::: TASK MATERIAL
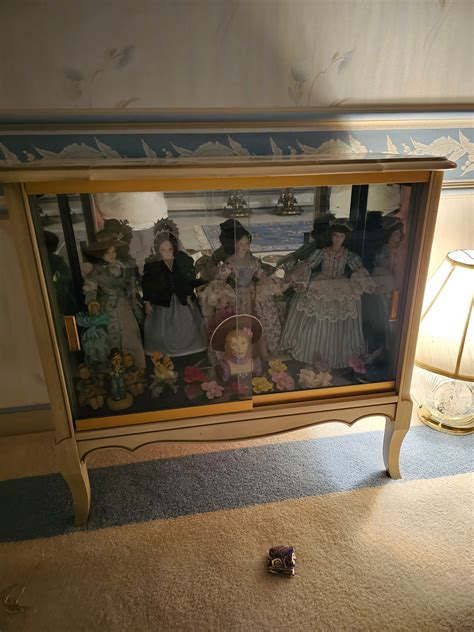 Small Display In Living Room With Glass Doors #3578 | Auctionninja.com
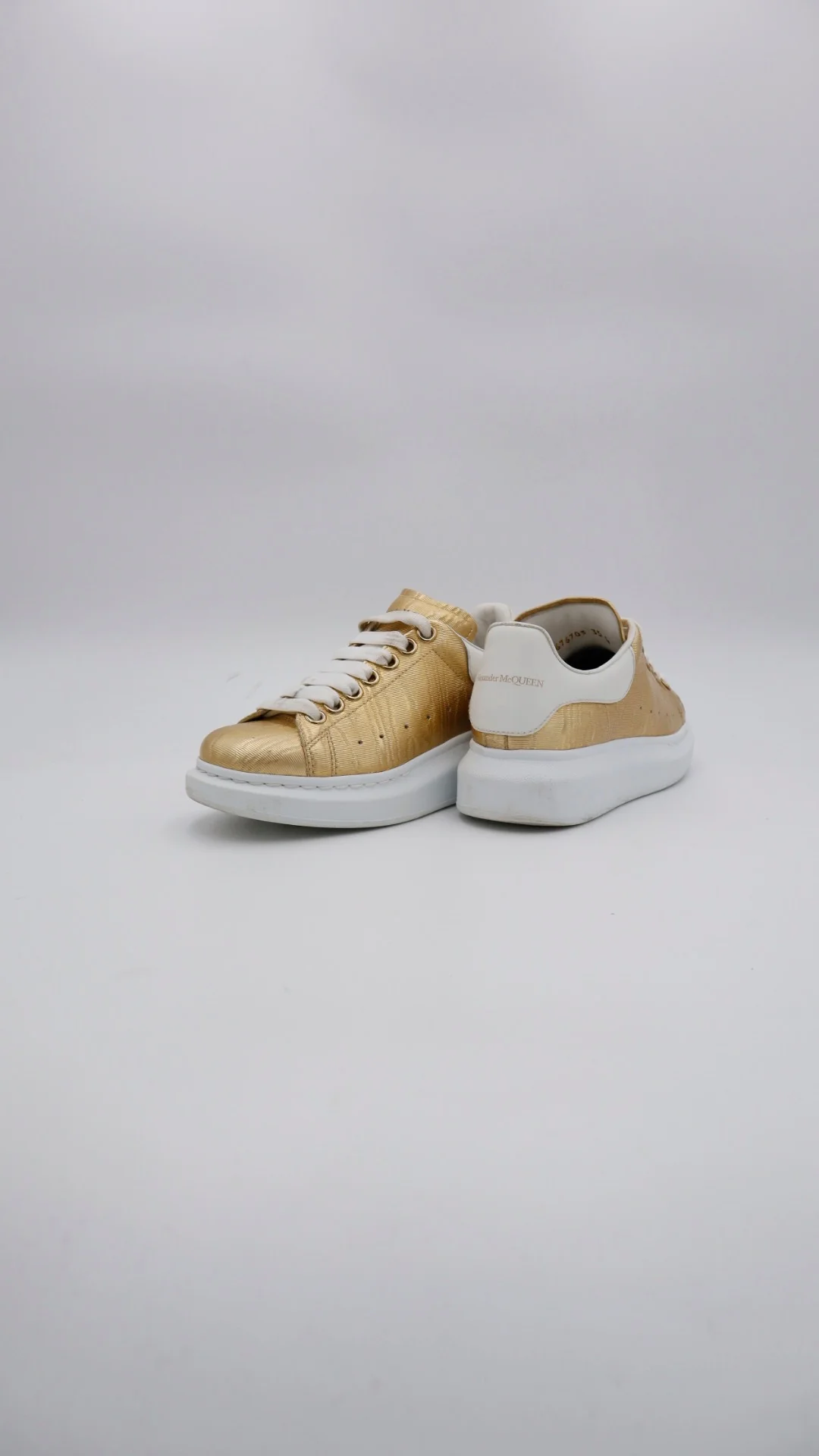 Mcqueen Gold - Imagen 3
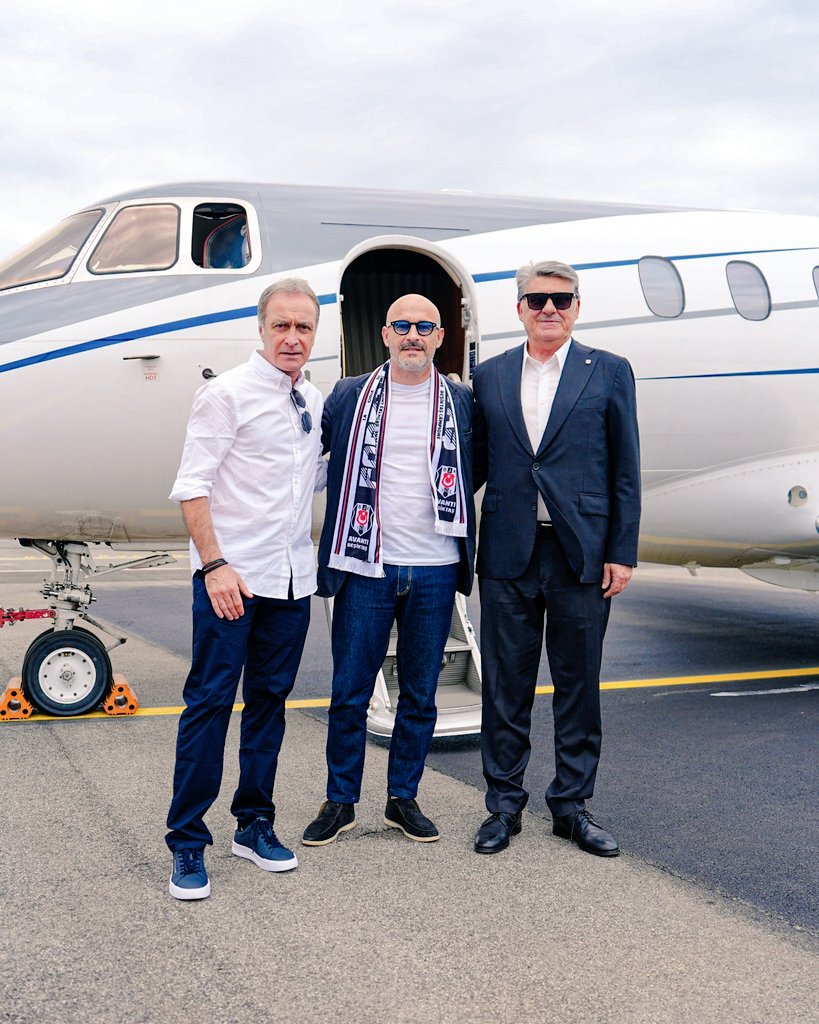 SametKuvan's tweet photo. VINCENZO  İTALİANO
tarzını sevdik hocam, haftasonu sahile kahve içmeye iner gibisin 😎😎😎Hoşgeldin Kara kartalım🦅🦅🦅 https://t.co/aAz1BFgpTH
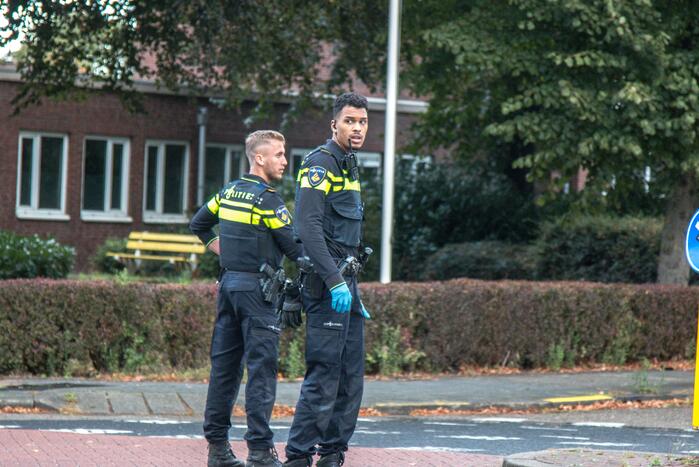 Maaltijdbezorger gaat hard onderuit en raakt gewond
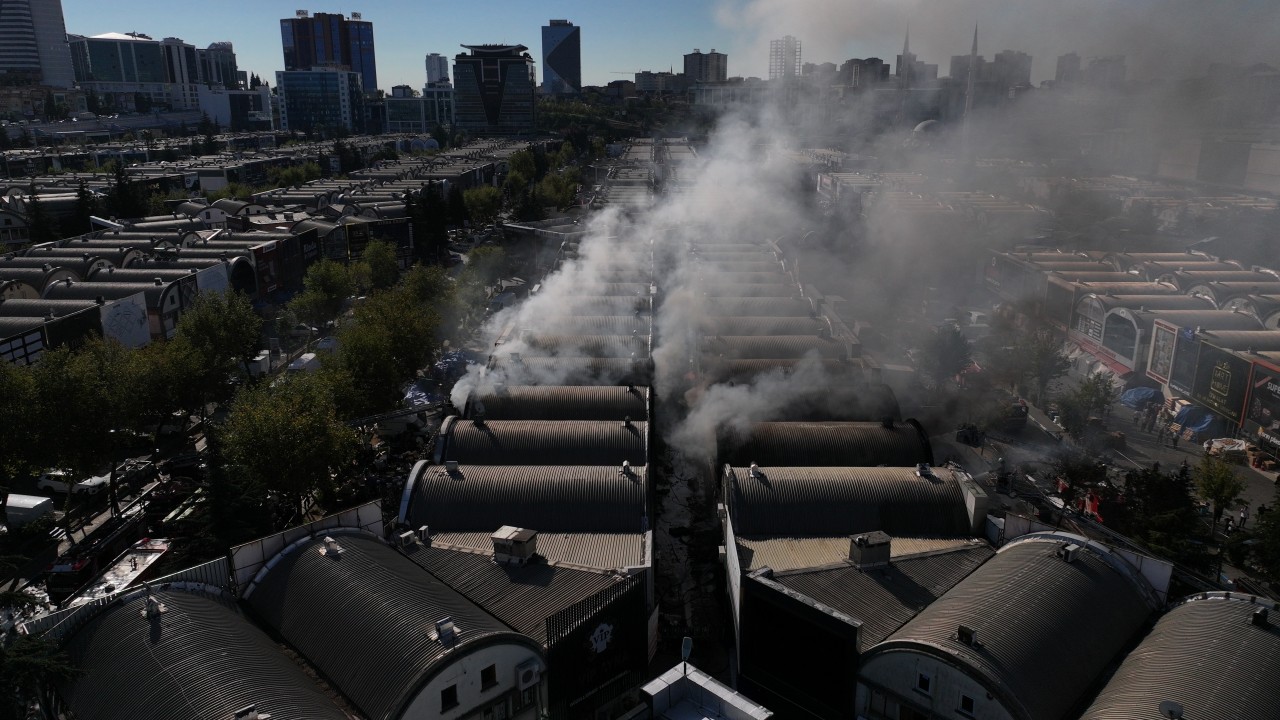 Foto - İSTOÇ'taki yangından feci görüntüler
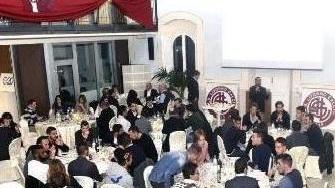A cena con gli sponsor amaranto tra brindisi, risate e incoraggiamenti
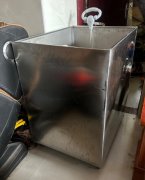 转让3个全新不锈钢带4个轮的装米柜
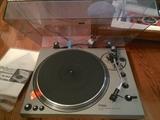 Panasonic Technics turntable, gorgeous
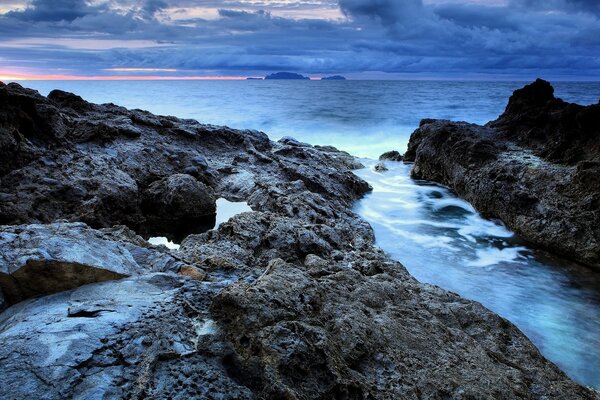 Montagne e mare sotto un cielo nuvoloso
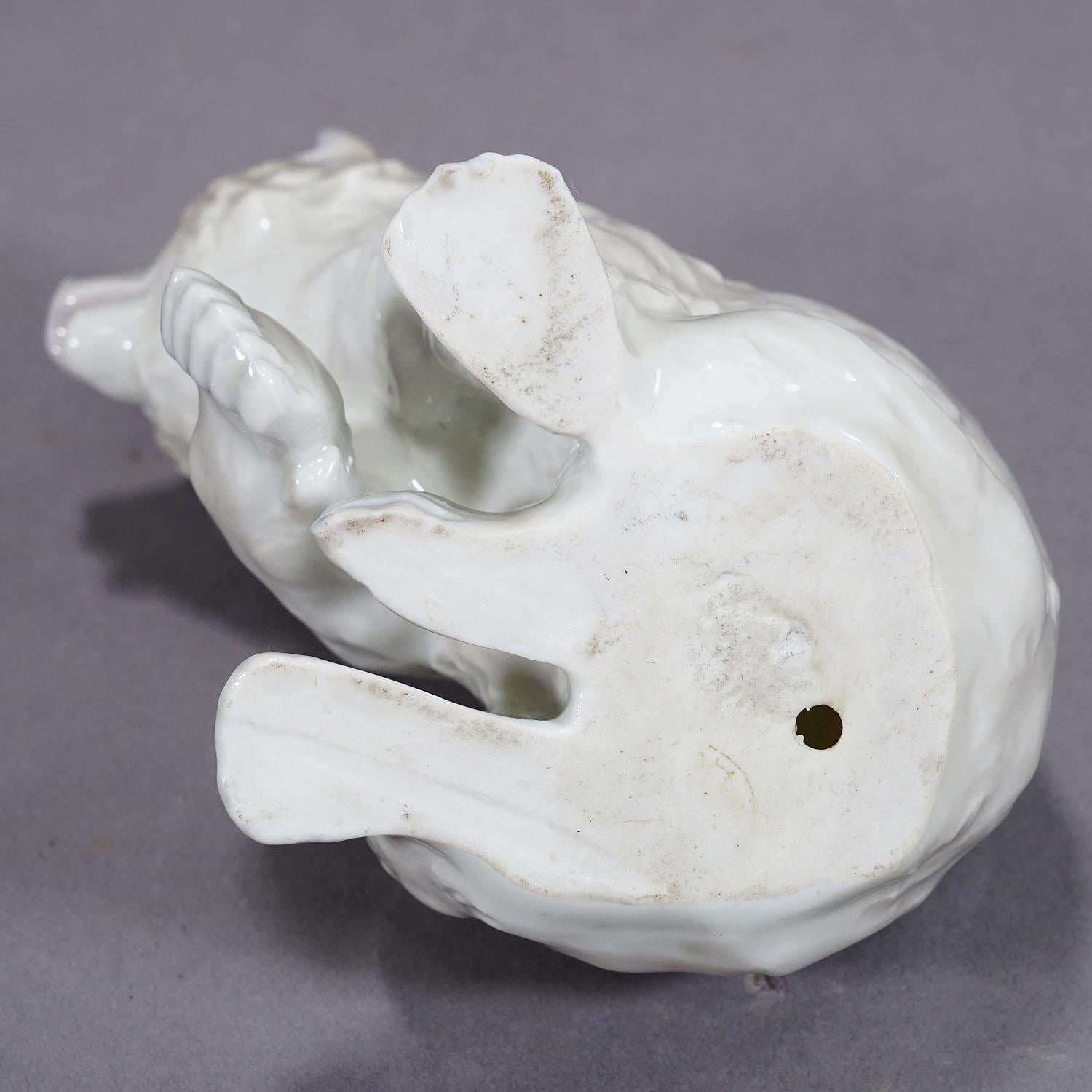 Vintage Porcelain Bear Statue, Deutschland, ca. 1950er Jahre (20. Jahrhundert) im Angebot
::::::
> _PROBLEM_: The entries above, without their pictures, should be written out exactly.

> _SOLUTION_:
 Small Display In Living Room With Glass Doors #3578 | Auctionninja.com
 Mcqueen Gold - Imagen 3
 SametKuvan's tweet photo. VINCENZO  İTALİANO
tarzını sevdik hocam, haftasonu sahile kahve içmeye iner gibisin 😎😎😎Hoşgeldin Kara kartalım🦅🦅🦅 https://t.co/aAz1BFgpTH
 Maaltijdbezorger gaat hard onderuit en raakt gewond
 Foto - İSTOÇ'taki yangından feci görüntüler
A cena con gli sponsor amaranto tra brindisi, risate e incoraggiamenti
 转让3个全新不锈钢带4个轮的装米柜
 Panasonic Technics turntable, gorgeous
 Montagne e mare sotto un cielo nuvoloso
 Vintage Porcelain Bear Statue, Deutschland, ca. 1950er Jahre (20. Jahrhundert) im Angebot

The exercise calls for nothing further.